Long Context Transfer from Language to Vision
Apache License 2.0
182 stars 11 forks source link

Some questions about LongVA #8

Closed linhaojia13 closed 5 days ago

linhaojia13 commented 6 days ago

This work is fantastic and has been very inspiring to me. I have a few questions:

  1. Pre-training data: The paper seems to indicate that you converted Slimpajama to PDF to construct the data. Is that correct?
  2. Instruction data and codes: After pretraining, what instruction data are used for fine-tuning LongVA? Also, when do you plan to release the instruction tuning code?
jzhang38 commented 6 days ago

The paper seems to indicate that you converted Slimpajama to PDF to construct the data.

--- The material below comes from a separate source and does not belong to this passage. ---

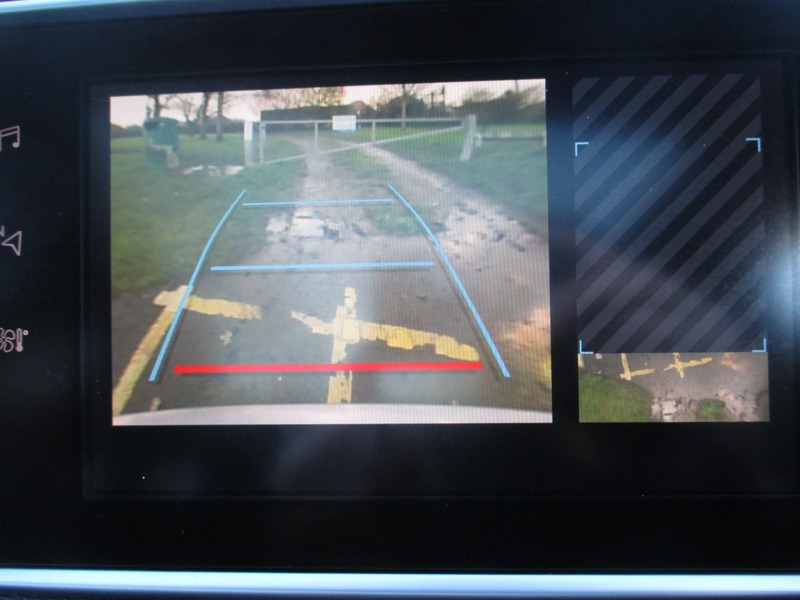 Used Peugeot 308 2017 for sale - 76821386: Photo 32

Is that correct?

No. In the long-context training stage, we train on text from Slimpajama only. But converting Slimpajam to PDF is an interesting idea. We've also thought about it but have not tried it yet.

After pretraining, what instruction data are used for fine-tuning LongVA

Same as Llava-1.6

When do you plan to release the instruction tuning code

See https://github.com/EvolvingLMMs-Lab/LongVA/issues/3

linhaojia13 commented 5 days ago

Thank you very much!